An ordinary share in a commercial enterprise (called a common stock in the USA) stands in evidence of a claim by the shareholder of a defined part the enterprise's net assets. Shareholders have the right to receive dividends authorised by the board of directors of the company and paid on dividend dates. Ordinary shares are the last securities to be honoured by a company in repaying liabilities in the event of bankruptcy and are hence the most risky form of investment in a commercial enterprise. Preference shares are ranked above ordinary shares in such circumstances, paying fixed and, except in the case of participating preference shares, limited dividends, irrespective of company profitability. Preference shareholders often lose the voting rights enjoyed by ordinary shareholders as the price for this dividend guarantee. Shareholders may have the right to cast votes on company policy, in which case their shares are said to be 'voting' shares. Shares which do not offer this right to their holders are said to be 'non-voting' shares.
At certain times before a dividend date a share is said to go 'ex-dividend' in which case the purchaser of the share does not have the right to receive the forthcoming dividend. Before the ex-dividend date the price of the share is obviously higher in the market since the buyer does have the right to receive the forthcoming dividend. In this latter case the share is said to trade 'cum-dividend'. The price earnings ratio of a share is the current price of the share divided by the expected earnings (i.e. profits) of the company over the forthcoming year, whilst the dividend yield on a share is the estimated dividend payment over the forthcoming year divided by the current share price.
The various international stock markets usually quote an index number or a variety of index numbers that portray the general level of the share prices in the market at any one time. Such indices are known as 'share indices' and can cover the entire market (e.g. the FTSE All Share Index) or subsections of it (e.g. the Dow Jones 30 stock index, or the FTSE Industrials index). These indices, if based on the current share prices, are sometimes referred to as 'cash market indices', whilst futures exchanges usually offer a future contract on these cash market indices. Such future contracts are known as index futures. Thus we have the FTSE 100 future contract based on the FTSE 100 cash market index. Futures indices are traded for cash settlement (not physical delivery since delivery of an index of shares is probably impossible) and, in many markets, options can be traded on either the cash index or the future index.

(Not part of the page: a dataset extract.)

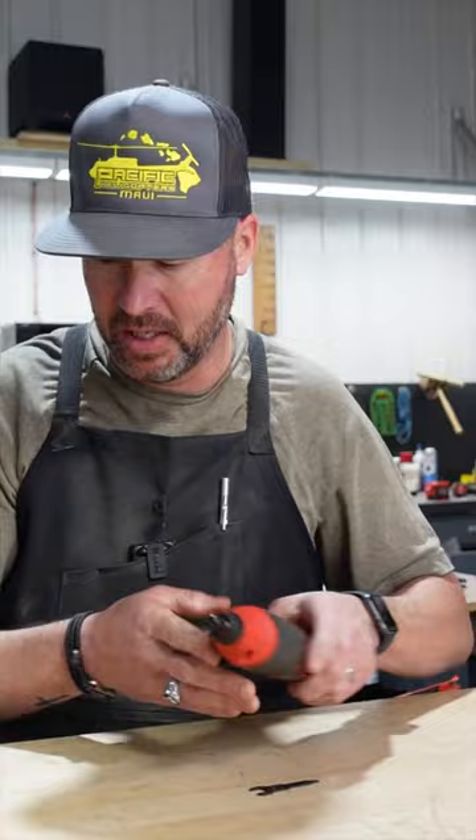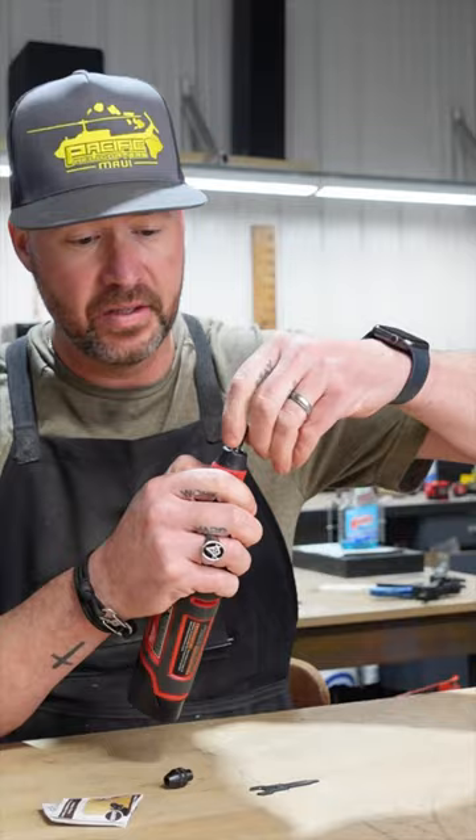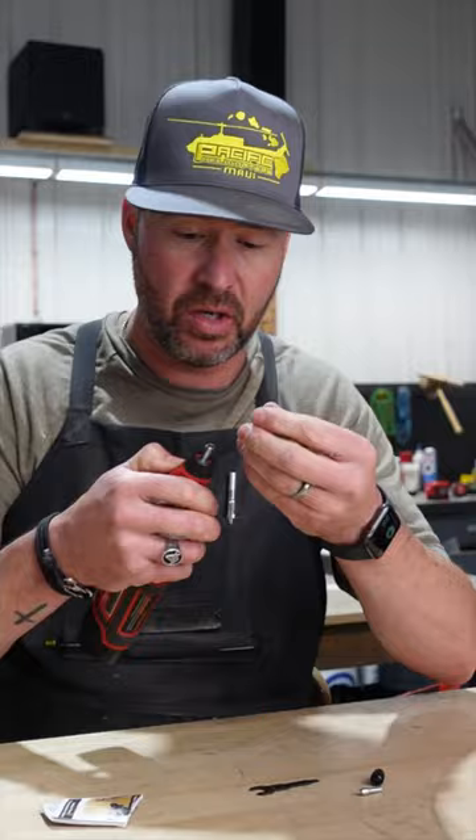Thankfully, Dremel makes a keyless chuck, and rumor has it, it'll fit onto here. Simply take off this little nut, pull the collet out, and thread this on. I think it's going to work.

In a similar way to that in which dividend yields are calculated on an individual share, analysts often calculate the yield on the whole market or sub-sections of it. There are several ways of compiling index values and of estimating dividend yields and each analyst will have his own preferred index and yield measure.
It should be noted that a source of confusion among new entrants to the financial markets is that United States based traders refer to shares as 'stocks' and bonds as 'bonds'. UK traders usually refer to shares as 'shares' and sometimes to bonds as 'stocks'. Hence the use of the term 'government stocks' in the UK government bond market.

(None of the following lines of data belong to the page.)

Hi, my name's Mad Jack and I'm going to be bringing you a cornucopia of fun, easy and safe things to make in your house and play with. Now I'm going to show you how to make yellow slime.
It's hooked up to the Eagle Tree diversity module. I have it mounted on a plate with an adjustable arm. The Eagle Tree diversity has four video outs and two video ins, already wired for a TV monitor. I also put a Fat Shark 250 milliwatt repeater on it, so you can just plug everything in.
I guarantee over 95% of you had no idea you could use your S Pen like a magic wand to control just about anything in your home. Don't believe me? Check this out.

Prior to 1986, the UK equity market had adopted a system in which there was a division between jobbers and brokers. Brokers intermediated the share trading orders of their clients, whilst jobbers made two way markets in a selection of shares. A broker was not allowed to fulfill the function of a jobber and a jobber was not allowed to fulfill the function of a broker. After 1986 this division was abolished and dual capacity firms were allowed to enter the market, making prices in shares and simultaneously acting as brokers in those shares. The companies that entered the business were now larger and stronger than previously in capital terms and a fully automated trading system was formed to cope with the newly arising flows of trading activity. These new players fell into one of the following groupings: a) market-makers, b) broker-dealers, these undertaking own account and client business, who must state which of the two a trade is for at time of dealing, c) brokers engaging in agency business only and d) inter-dealer brokers acting between market-makers only.

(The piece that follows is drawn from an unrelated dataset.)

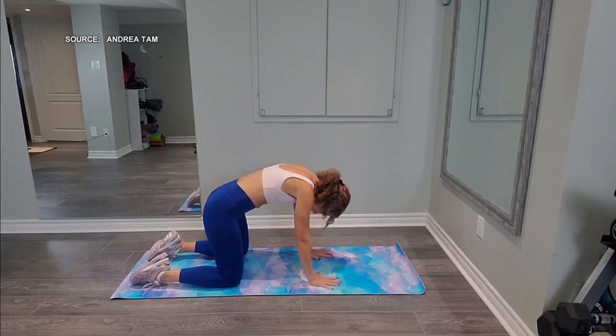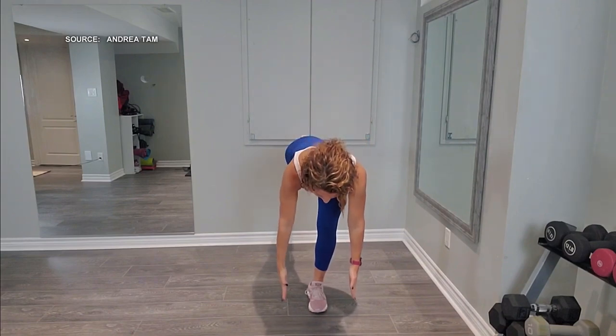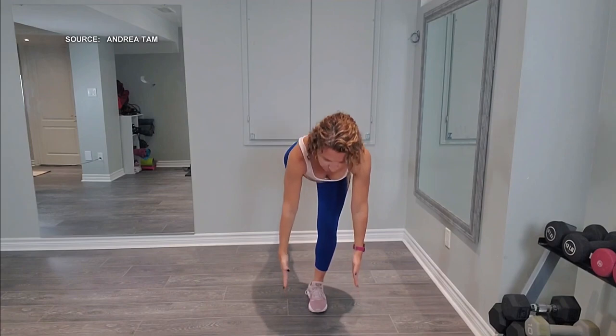For glutes and lower back, there are a couple of moves. We have the single leg deadlift. Always engage the core and keep the chest proud. You're going to lift the rear leg, squeeze those glutes, drive that knee in, squeeze the glutes again, and brace the core. This is also good for your inner thighs.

A new system called SEAQ (Stock Exchange Automated Quotation system) was developed for the new market environment. SEAQ is a telephone based trading system with automated screen based quotation employed to display prices. Telephones are used to confirm trade details. Trades are quoted in normal market size (NMS). NMS for a share varies according which of twelve bands it belongs to. Larger trades are published on the SEAQ screen after a short time delay, whilst very large trades are published immediately. Trades are confirmed through the SEQUAL system established in 1992, which allows transaction details to be confirmed electronically and replaces fax and telex communications. In 1992, SEATS (Stock Exchange Alternative Trading System) was formed in order to provide a quotation system for less liquid stocks. It gave a single market-maker the responsibility for making a market an individual stock. A paperless settlement system called TAURUS was in process of development by the Stock Exchange but was scrapped in March 1993. It was replaced by CREST in 1994 with progressively shorter rolling trade settlements.